Ce qu’il y a de spécieux dans ces critiques, nous ne le méconnaissons pas ; nous avons assez étudié notre propre histoire pour ne rien ignorer de ce que l’on a cru nous apprendre. Si nous avons passé outre, ce n’est pas par l’effet d’une impatience qui aurait été un enfantillage, du désir qui nous aurait piqué de dérober à une autre génération l’honneur et le plaisir d’officier dans cette cérémonie. Nous avons eu des raisons plus sérieuses de nous reporter, comme à notre acte de naissance, au décret de 1794, que rappelle une inscription gravée sur la porte de notre maison. Quant à la célébration même de la fête, si nous l’avons renvoyée au printemps de 1895, c’est que nous souhaitions la voir éclairée par quelques rayons du gai soleil d’avril, par un de ces sourires du printemps qui adoucissent l’amertume des deuils même les plus sensibles et qui donnent confiance en l’avenir ; les feuilles et les fleurs qu’ils réveillent annoncent les moissons et les fruits de la saison prochaine.

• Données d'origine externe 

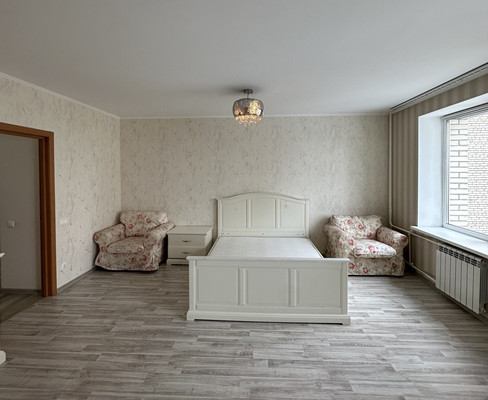 Сдам многокомнатную квартиру, Просвещения пр-кт, 33к1, Санкт-Петербург г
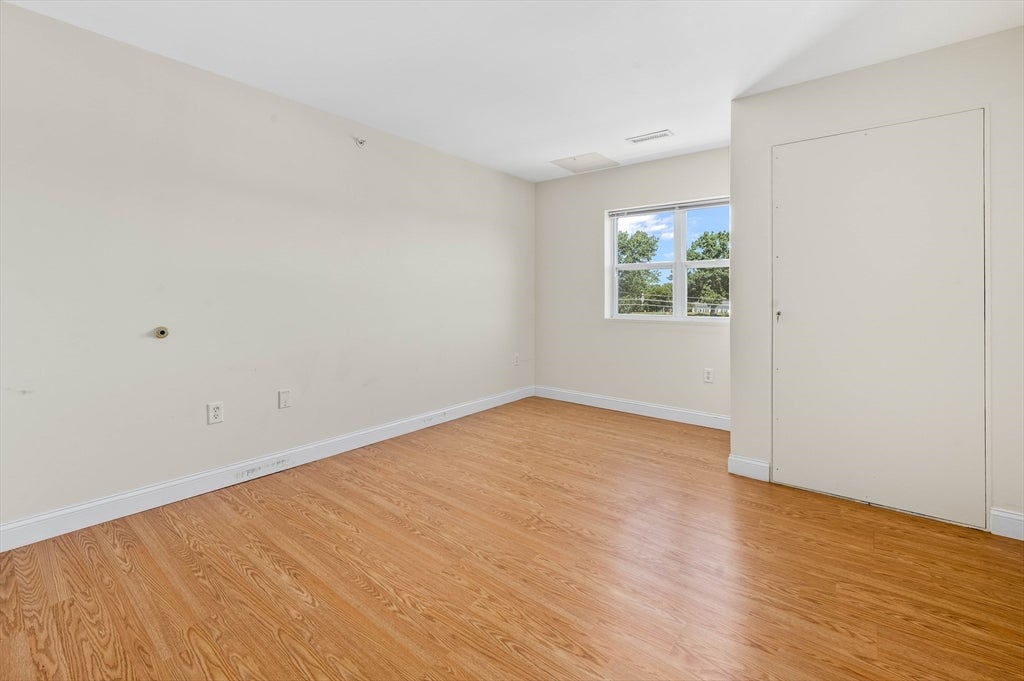 140 Railroad Ave #B403, Norwood, MA, 140 Railroad Ave #B403, Norwood, MA Photo #21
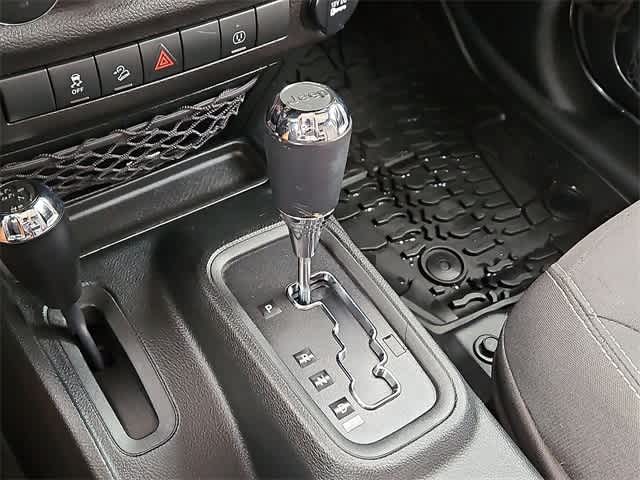 Thumbnail: 2017 Jeep Wrangler - 20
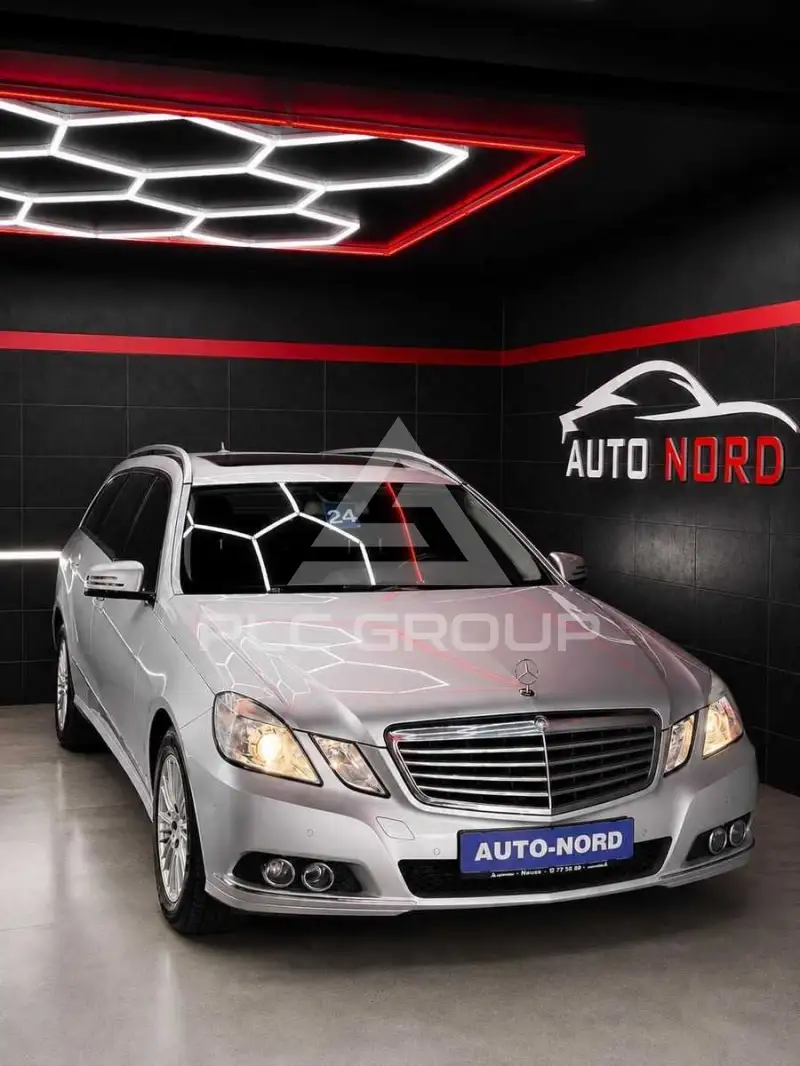 2011 Mercedes Benz E 220
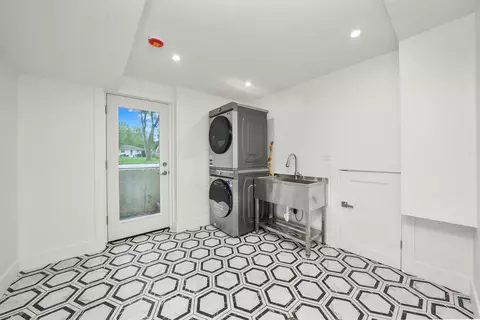 Other - 401 Springhill Dr, Roselle, IL 60172 photo 8 of 10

Le parti que nous avons pris nous a paru se justifier par des motifs que sauront apprécier ceux qui regardent moins à l’apparence qu’au fond même des choses. La date de 1808 prêterait aux mêmes objections que celle de 1794. Aucune des deux n’est exacte de tous points, en ce sens que ni l’une ni l’autre ne rappelle la création d’un type d’établissement pédagogique qui ait les mêmes organes et le même régime que l’École dont nous sommes les fils, qui poursuive les mêmes fins. Notre École est à la fois plus vieille et plus jeune que ne le donnerait à penser l’un ou l’autre mode de comput. Elle remonte à l’ancien régime par les conceptions et les projets où s’est ébauché son être futur[1]. Dès le XVIIe siècle,

  1. Pour plus de détail, voir, dans le volume du Centenaire, le travail de M. Paul Dupuy : les Boursiers de Louis-le-Grand. L’École normale de l’an III. Cet essai, dont tous les matériaux ont été demandés aux pièces d’archives ou à des écrits aujourd’hui rares et oubliés, forme la première partie d’une histoire de l’École que M. Dupuy promet de nous donner.